Quote the lines below from the one containing "Αγίου Δημητρίου μαρτύριο" to the final line, both ends included; exclude the pictures.

• [EXTRACTED INFORMATION]:
╭──

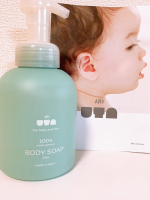 ୨୧┈┈┈┈┈┈┈┈┈୨୧┈┈┈┈┈┈┈┈┈୨୧🌸🌸& UTA ベビーソープ🌸🌸モニプラさん経由で@and_uta_official さまのベビーソープをプレゼントしていただきました🫧♡&hellip;のInstagram画像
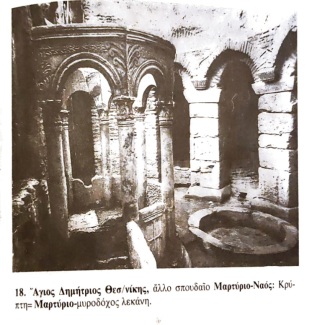 Αγίου Δημητρίου μαρτύριο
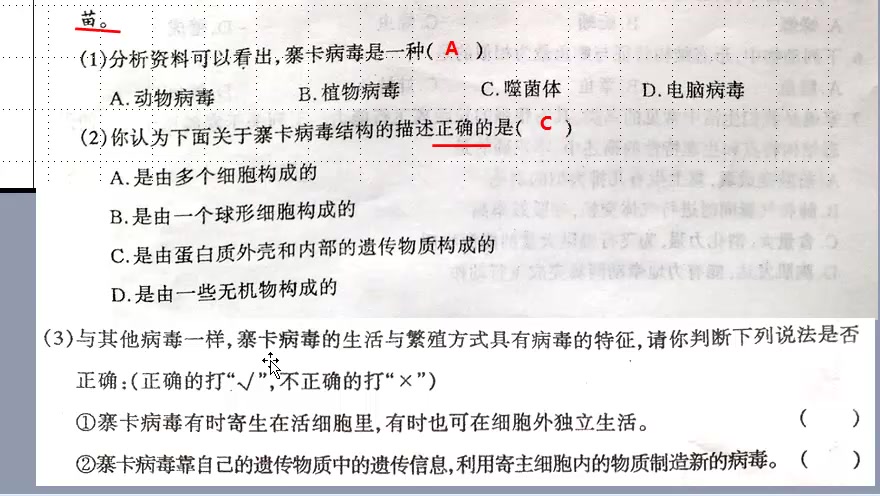 初中生物 八上期末复习62 太原市20172018卷讲题19哔哩哔哩bilibili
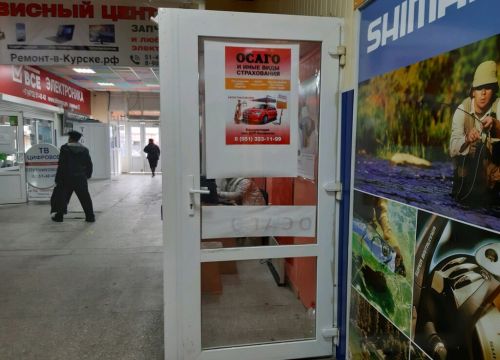 +79513231199 звонок из Автострахование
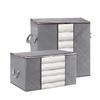 Thickened Cotton Quilt Bag: Durable, Dustproof, Large Capacity, Non-Woven Storage for Clothes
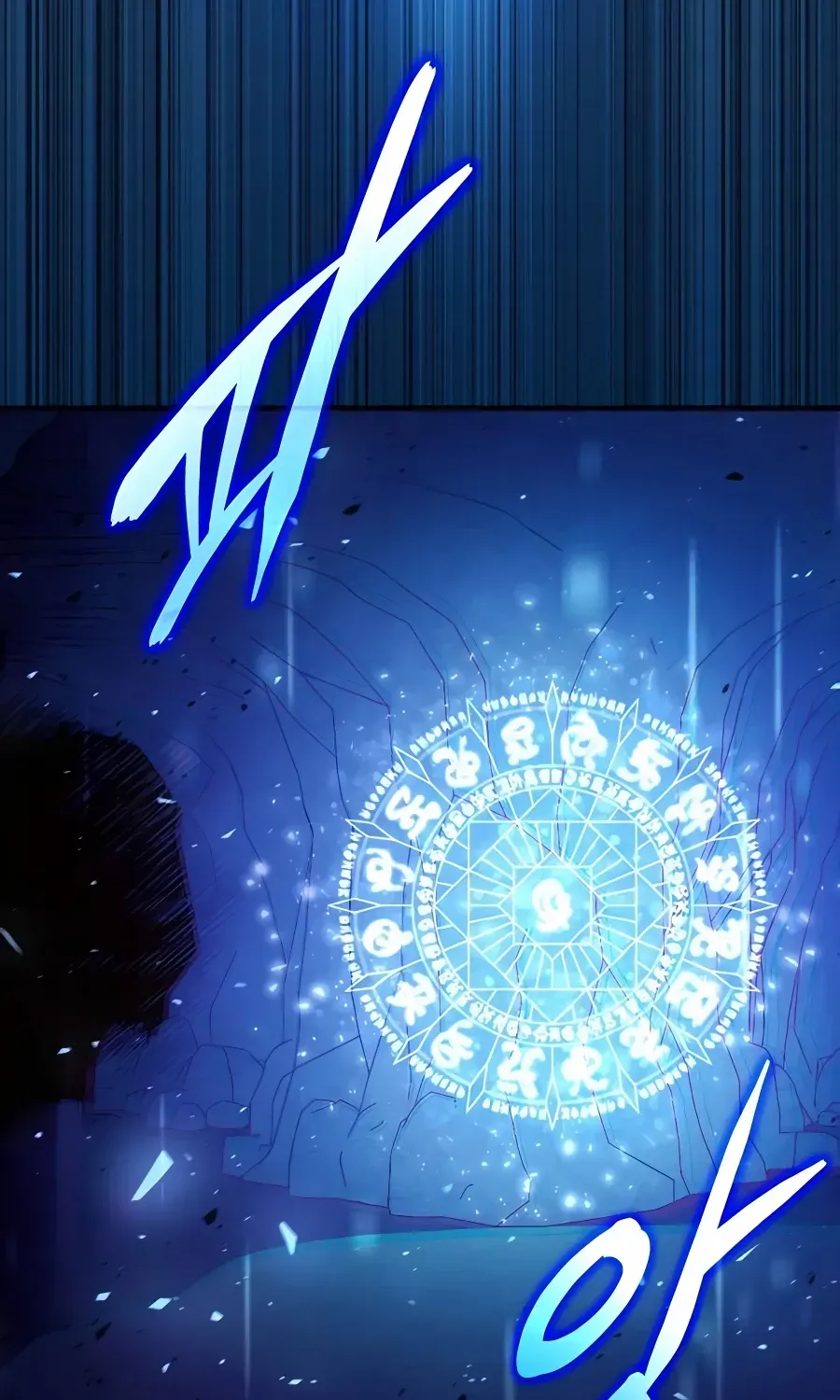 How to Live as a Bootleg Healer Chapter 43 page 68 - 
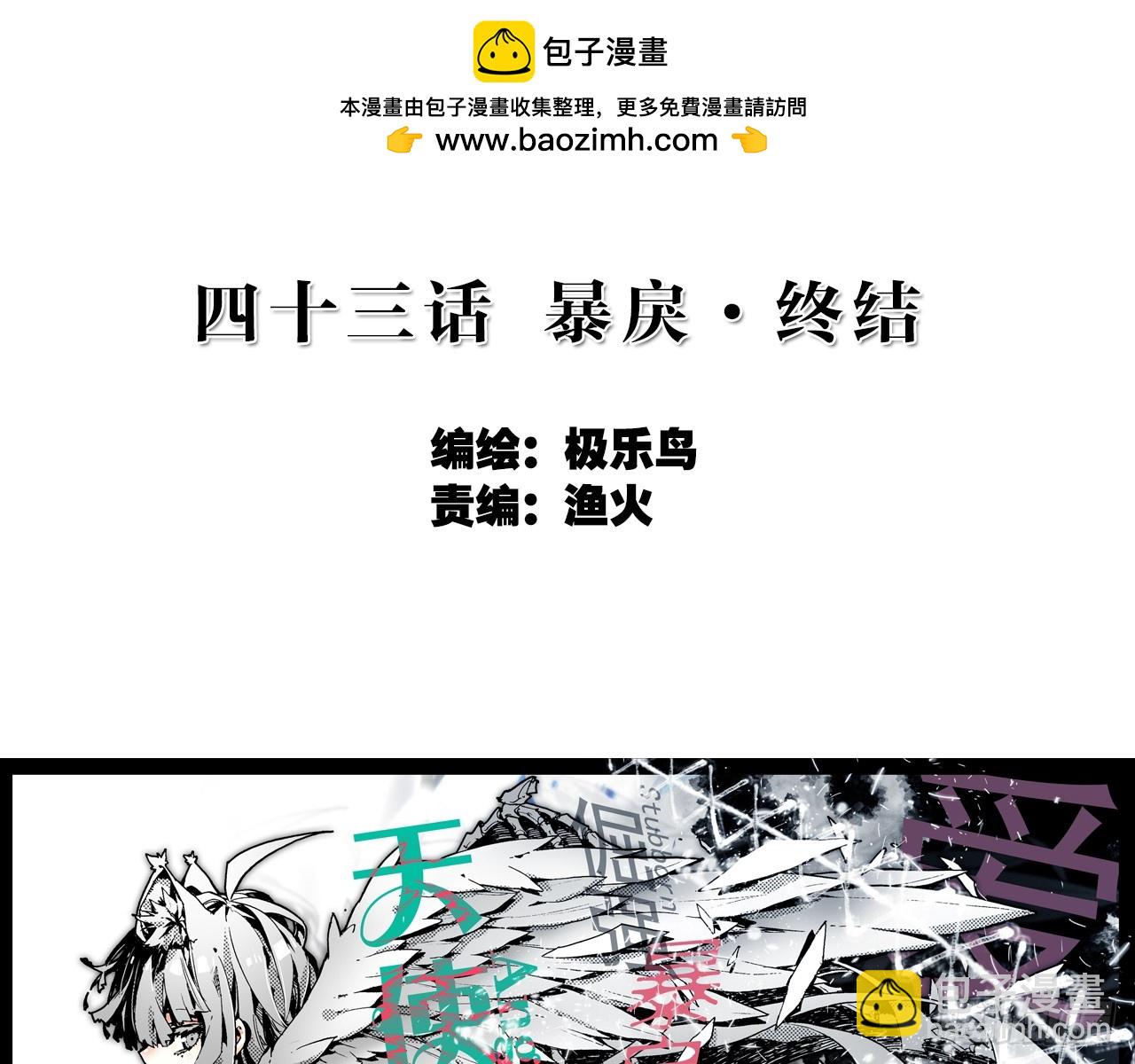 暴戾&middot;终结（上）-第86话
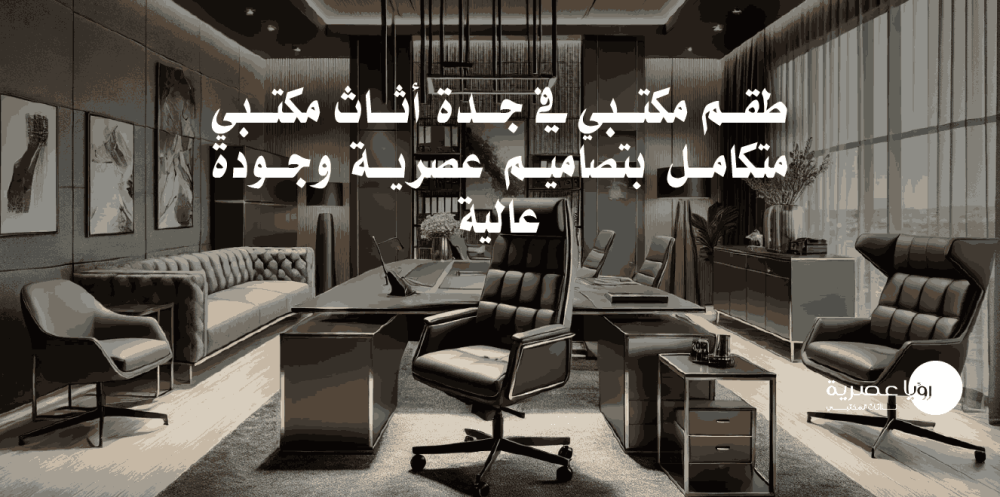 طقم مكتبي في جدة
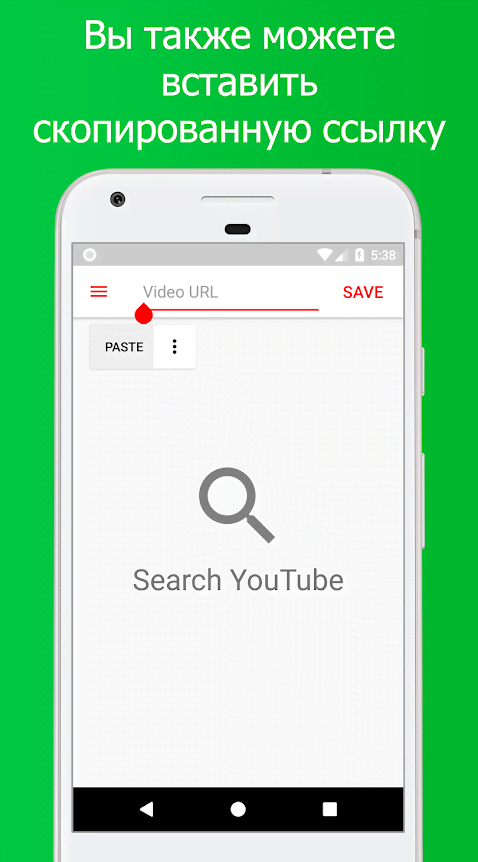 Thumbnail Saver for YouTube screenshot 4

╰──

• [FINAL ANSWER]:
 Αγίου Δημητρίου μαρτύριο
 初中生物 八上期末复习62 太原市20172018卷讲题19哔哩哔哩bilibili
 +79513231199 звонок из Автострахование
 Thickened Cotton Quilt Bag: Durable, Dustproof, Large Capacity, Non-Woven Storage for Clothes
 How to Live as a Bootleg Healer Chapter 43 page 68 - 
 暴戾&middot;终结（上）-第86话
 طقم مكتبي في جدة
 Thumbnail Saver for YouTube screenshot 4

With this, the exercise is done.